More to my taste overall, and a very impressive German production, is Fred Herzog, Modern Colour. Although it is advertised as a paperback, it is in fact a hardback. The printing is first class. Herzog shot with Kodachrome for his street photographs, – something more than ‘street’ and way beyond documentary. They are gently observed scenes and details of Vancouver, his adopted home, and elsewhere. The colour is not merely incidental. They are mostly full of light and space, carefully framed but some are a jumble of street colours. The more intense observations include a solitary anonymous arm reaching across the window between the gap in the curtains and the interiors of shops through their windows, cars stranded in back lanes or incongruously perfect in a rundown neighborhood driveway.

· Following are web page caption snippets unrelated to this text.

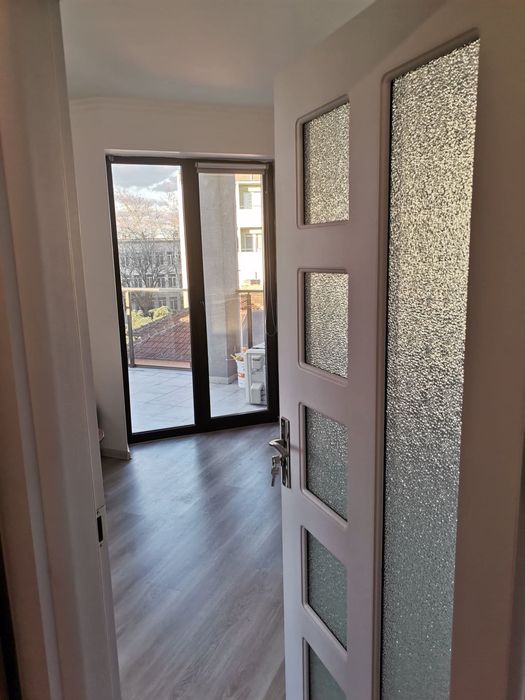 Дава се под наем Едностаен апартамент в Свиленград - 54 кв.м за 298.86 € - Снимка #3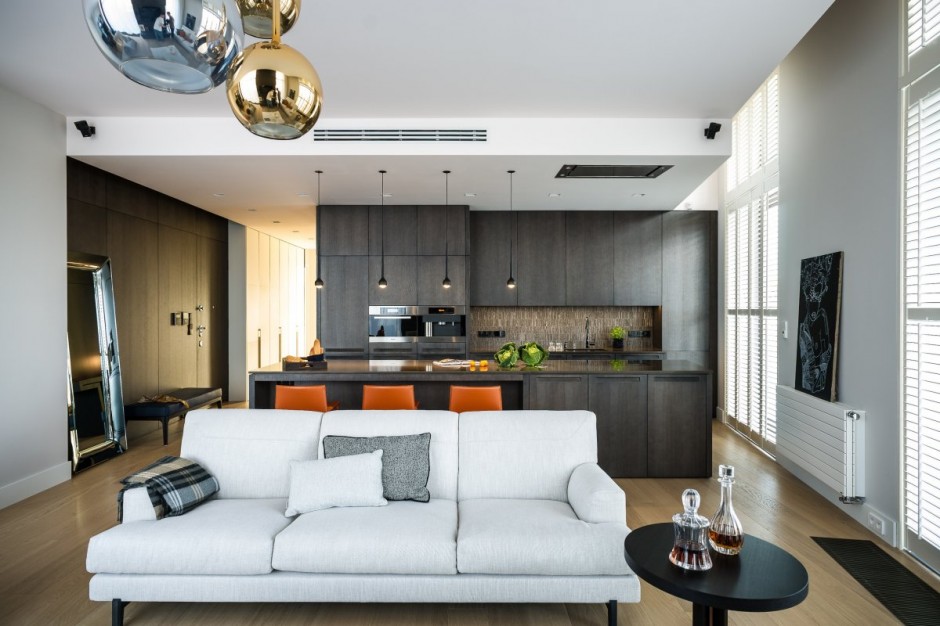 Apartment Warschau Zentrum luxuriös weiß Sofa Couch Lampe geräumig zeitlos Wohnzimmer 5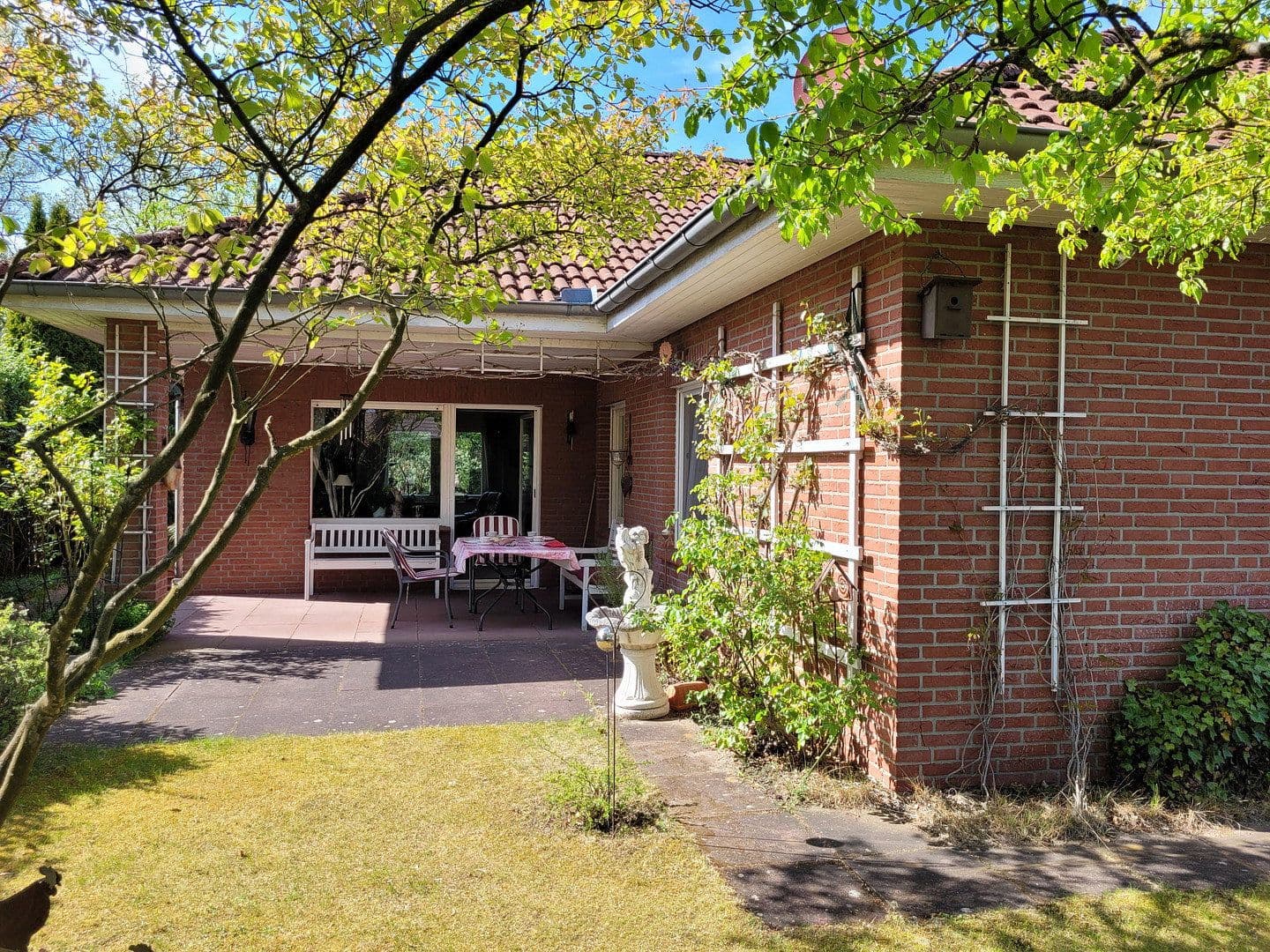 Predaj domu 125 m², pozemek 896 m², Lachendorf, Dolné Sasko Predaj domu 125 m², pozemek 896 m², Lachendorf, Dolné Sasko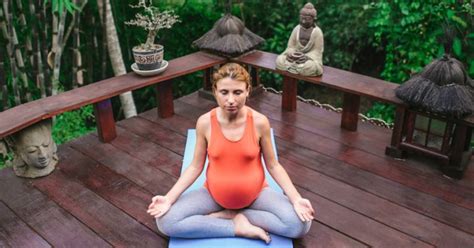 How To Have A Meditation Practice While Pregnant Mindbodygreen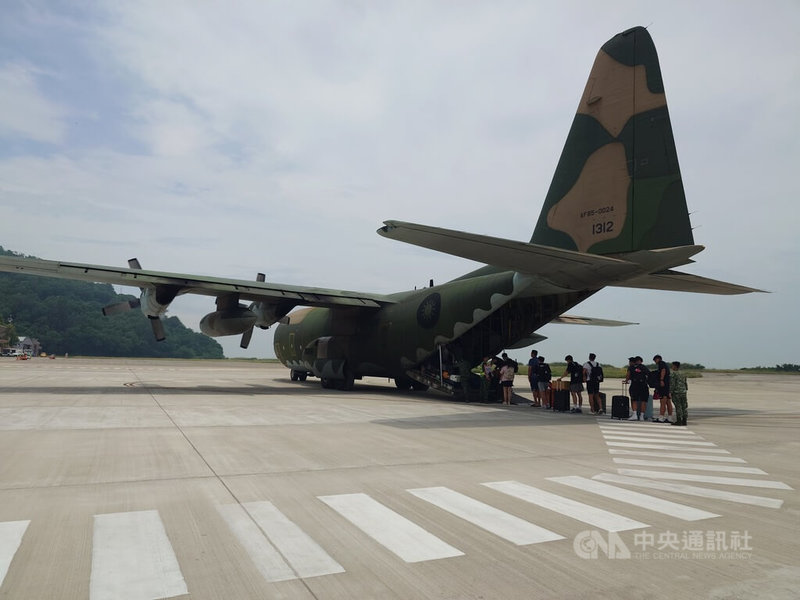受颱風丹娜絲影響，6至7日台馬間空中與海上運輸中斷，約2000名旅客滯留。連江縣政府向國防部申請8日共6架次軍機疏運，首架次軍機中午降落南竿機場，載運旅客飛往台北松山機場。中央社記者潘欣彤攝  114年7月8日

The accompanying essays are interesting. He liked to shoot from the hip to avoid the camera up to his eye and altering the behaviour of his subjects. How he kept the camera level for those shots on slide film is beyond me. One reason he used Kodachrome was his busy day job. He shoots a roll of film, puts it in its yellow envelope, into the post box, and a week later he has a box of 36 slides. No darkroom, chemicals and trays and dust and sleepless nights. Of course that consigned them to relative obscurity until they could be properly scanned in the modern era and made more accessible.
Given Book Depository offers free postage it was perverse to have both of these arrive at once. One at a time would have been more moderate.